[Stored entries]

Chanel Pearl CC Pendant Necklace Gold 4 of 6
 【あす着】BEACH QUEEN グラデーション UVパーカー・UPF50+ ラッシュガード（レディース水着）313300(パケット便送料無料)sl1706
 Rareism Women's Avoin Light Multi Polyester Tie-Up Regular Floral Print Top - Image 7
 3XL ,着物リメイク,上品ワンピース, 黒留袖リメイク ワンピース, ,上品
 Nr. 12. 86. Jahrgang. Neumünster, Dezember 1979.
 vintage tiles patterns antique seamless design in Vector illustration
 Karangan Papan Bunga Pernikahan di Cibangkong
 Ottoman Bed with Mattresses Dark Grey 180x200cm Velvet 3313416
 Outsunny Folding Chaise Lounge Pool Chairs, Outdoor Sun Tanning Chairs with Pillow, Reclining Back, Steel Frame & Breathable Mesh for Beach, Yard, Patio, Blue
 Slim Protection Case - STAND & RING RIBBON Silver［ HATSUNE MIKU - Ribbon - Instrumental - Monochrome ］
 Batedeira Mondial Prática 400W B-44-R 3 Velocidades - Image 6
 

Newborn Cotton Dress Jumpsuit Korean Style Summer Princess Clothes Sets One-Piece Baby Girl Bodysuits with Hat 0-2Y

## WHAT YOU WILL DO
Word for word, write out each of the records above.

## PROBLEM SOLUTION
Chanel Pearl CC Pendant Necklace Gold 4 of 6
 【あす着】BEACH QUEEN グラデーション UVパーカー・UPF50+ ラッシュガード（レディース水着）313300(パケット便送料無料)sl1706
 Rareism Women's Avoin Light Multi Polyester Tie-Up Regular Floral Print Top - Image 7
 3XL ,着物リメイク,上品ワンピース, 黒留袖リメイク ワンピース, ,上品
 Nr. 12. 86. Jahrgang. Neumünster, Dezember 1979.
 vintage tiles patterns antique seamless design in Vector illustration
 Karangan Papan Bunga Pernikahan di Cibangkong
 Ottoman Bed with Mattresses Dark Grey 180x200cm Velvet 3313416
 Outsunny Folding Chaise Lounge Pool Chairs, Outdoor Sun Tanning Chairs with Pillow, Reclining Back, Steel Frame & Breathable Mesh for Beach, Yard, Patio, Blue
 Slim Protection Case - STAND & RING RIBBON Silver［ HATSUNE MIKU - Ribbon - Instrumental - Monochrome ］
 Batedeira Mondial Prática 400W B-44-R 3 Velocidades - Image 6
 

Newborn Cotton Dress Jumpsuit Korean Style Summer Princess Clothes Sets One-Piece Baby Girl Bodysuits with Hat 0-2Y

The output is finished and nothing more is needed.